Since I left Harer I wear a Imama (turban) to protect my head from the heat, and I'm getting tired to explain that I'm no muslim. Just yesterday some bored policemen disturbed me half an hour with stupid question because I confused them (Atheist, austrian name and passport, looks like a muslim, speaks arabic...)

Mittwoch, 12. März 2008

Harer


I seperated in peace from the "new flower" (Addis Abeba translated to english)and fell in love with Harer at first sight. It's the only city in Ethiopia with a real old town. It has it's very own style of houses (especially the sitting plateaus inside), and even it's own language, only spoken inside Jogul, the old wall embracing it. Harari is a mix of arabic, amharic, oromo, somali and many other languages.

Also the harari folk songs are a refreshing alternate, they sound quite arabic. Regrettably I didn't find any live performance at this time, only bought some records, contrary to it's amharic counterparts in Lalibela and Addis, performed in a so called "asmari bet" , some kind of traditional night club (I forgot to mention it in the previous entries). Eventually I master the amharic "skisa" - dance, which is best described with joggling one's shoulders, to some extent.

Harer is an old trading city. The most important product sold here is Khat, a narcotic leaf, the nr.1 drug in Yemen, Somalia and some parts of Ethiopia. I tried it before several times in Yemen and Ethiopia, but I couldn't get used to it's bitter taste, and also couldn't feel any stimualtion. Unfortunetly the surrounding of harer is covered by a sea of blue plastic inwhich the khat is sold.

Now I stayed here for 5 days, including a day trip to Babile (1 hour by bus from harer), where I took a walk through an amazing stone forest, only angered by the cactus alongside the overgrown paths. Though I really like it here and found some new friends again, I'm quite disappointed now about my soon ending stay in Ethiopia. Within 2 months I couldn't find a place in the rural areas to integrate into the farmer's daily life, like I hoped to do. I've always been always a visitor and most acquaintances were rather cursory.But I'm still far away from feeling homesick.

Freitag, 7. März 2008

From Lalibela to Addis

From Lalibela to Addis


Since friday i'm in Addis Abeba. I reached Korem after a 2 days trek and 1 day by bus, and stayed there 2 days , including a visit to the beautiful Ashange mountain lake. Then I still tried to make a trip to the nearby Afar Region in the east and sacrificied 2 days with running from one local authority to the other to get a permission, but without any success. The Afar nomads are known to be very hostile not only for "farenji" (white men like me) but also for other ethiopian ethnics. So it would have been nessecary to take a guide from their tribe in order not to be abducted or even killed. Their homeland is the hottest area in Ethiopia, flat pastoral land, interrupted by many extinct and active volcanoes and salt lakes, very different from the highland. Maybe I'll try it again from their regional capital Samara, when I'm on the way to Djibouti.

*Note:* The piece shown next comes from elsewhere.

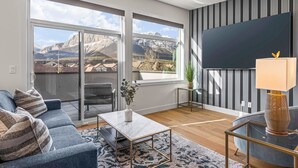 Een moderne woonkamer met een groot raam, een flatscreen televisie, een bank, een salontafel en een lamp.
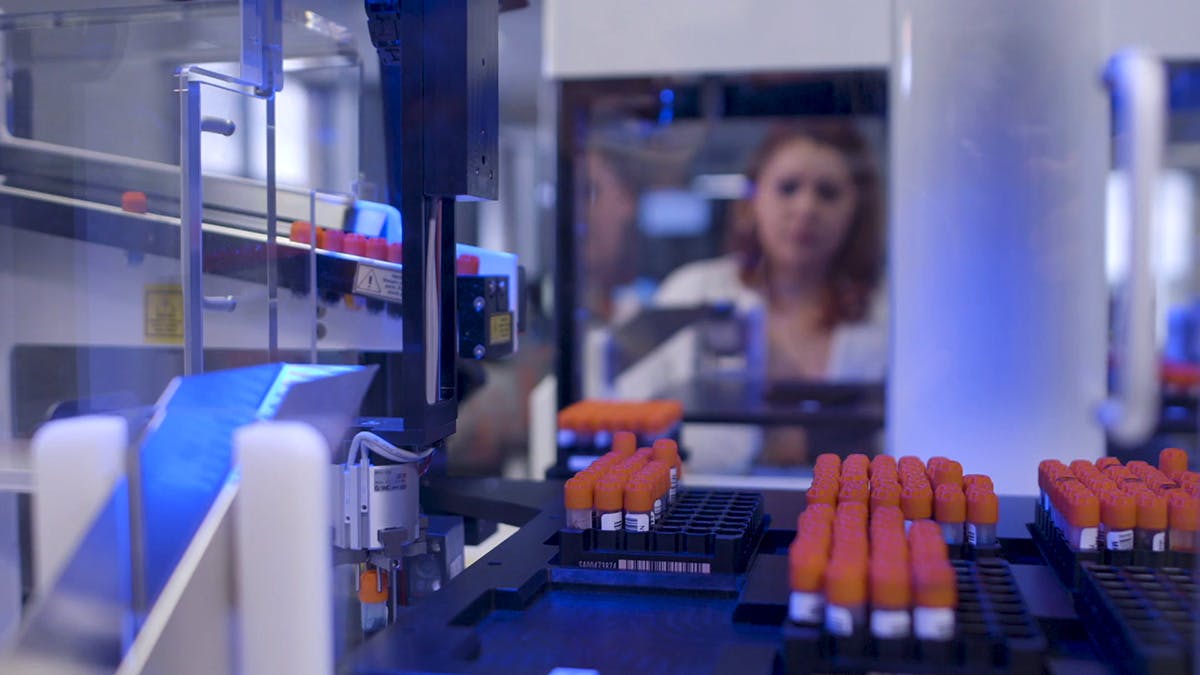a scientist in the Lumi lab holding a DNA array panel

Here in Addis I stay with some Somali friend's friends, refugees from Mogadischu who are waiting for their visa to follow their relatives in Austria or other western countries. The Djibouti Visa is also the only reason why i still didn't leave this monster city, mainly consisting of corrugated iron buildings and shopping malls next to each other, without any single park or other alternations. I should get the visa tomorrow, then i'll go to Harer , a historical islamic trading city, most probably better worth seeing. It's only 2 hours (in Ethiopia a ridiculous distance) from Jijiga, the capital of Somali Regional State, which i have to avoid in order not to get into the same situation like in the new year, as there is still a long lasting guerilla war in it's hinterland.

I still have problems loading the pictures, it would simply take days (without sleeping) untill I've loaded all important images. Maybe in Djibouti it's better. Also I cannot open my blog here in Ethiopia, (seems to be censored by the government) and I have to mail the texts of the entries to my sister in austria.